**YOUR TASK:** Only the lines from the line containing "Click on Operations." to the end of the material belong in the copy; set them down exactly, without pictures.

START COLLECTED DATA

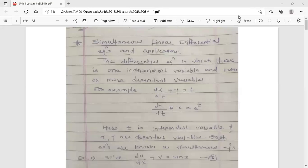Hello dear students, this is our Engineering Mathematics 3 lecture. Today's topic is simultaneous linear differential equations and applications. This topic is from unit 1, linear differential equations with constant coefficients.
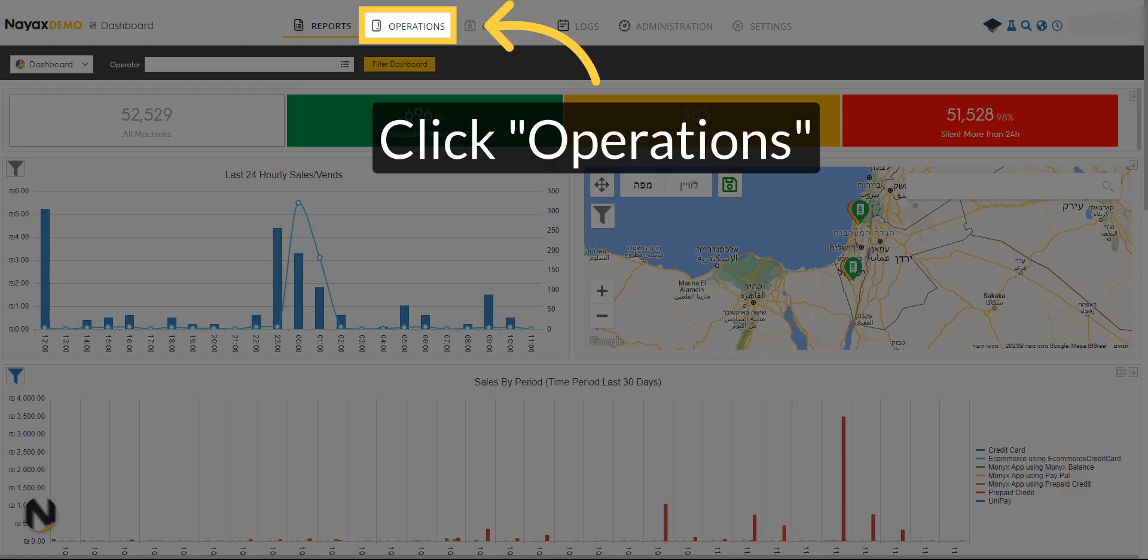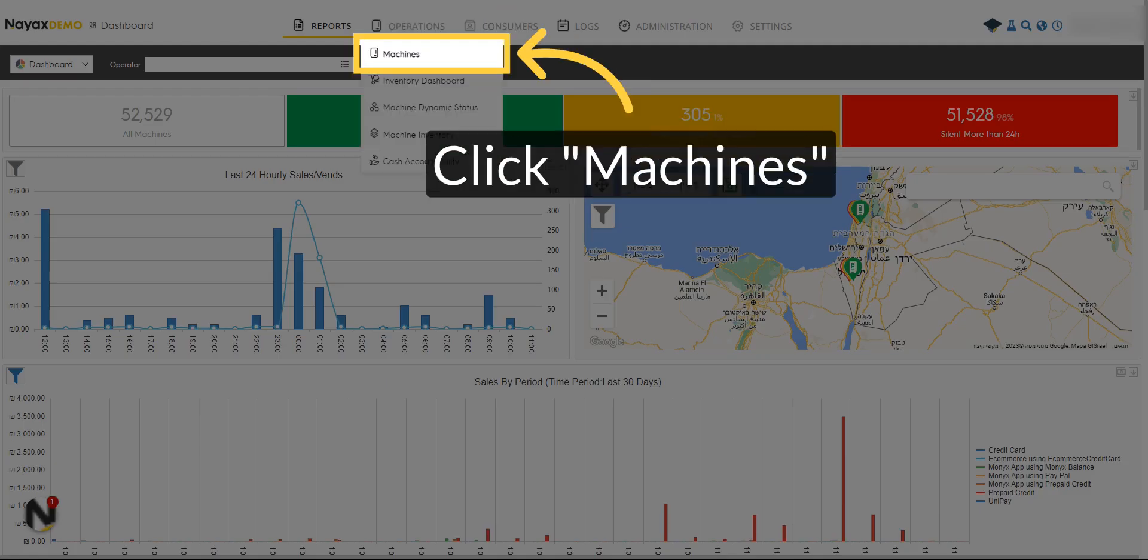Click on Operations. Select Machines from the drop-down menu.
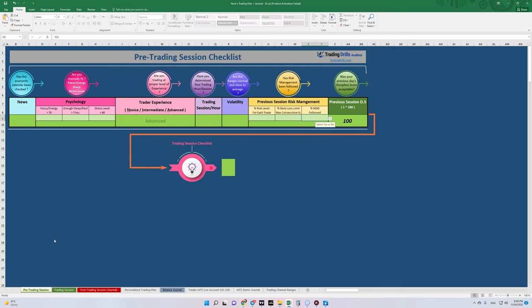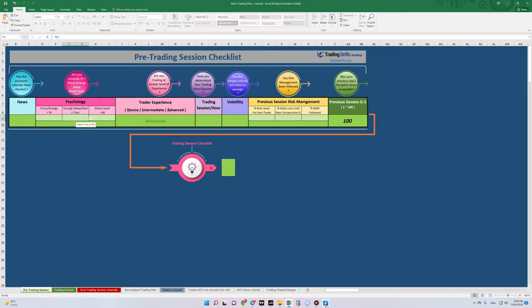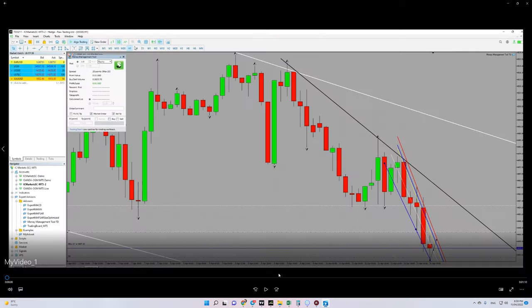Let's refer to our pre-trading session checklist. As you can see here, my pre-trading session checklist - everything passes, everything is okay. All right, are you ready? Let's begin.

END COLLECTED DATA

**COMPLETED TASK:**
Click on Operations. Select Machines from the drop-down menu.
Let's refer to our pre-trading session checklist. As you can see here, my pre-trading session checklist - everything passes, everything is okay. All right, are you ready? Let's begin.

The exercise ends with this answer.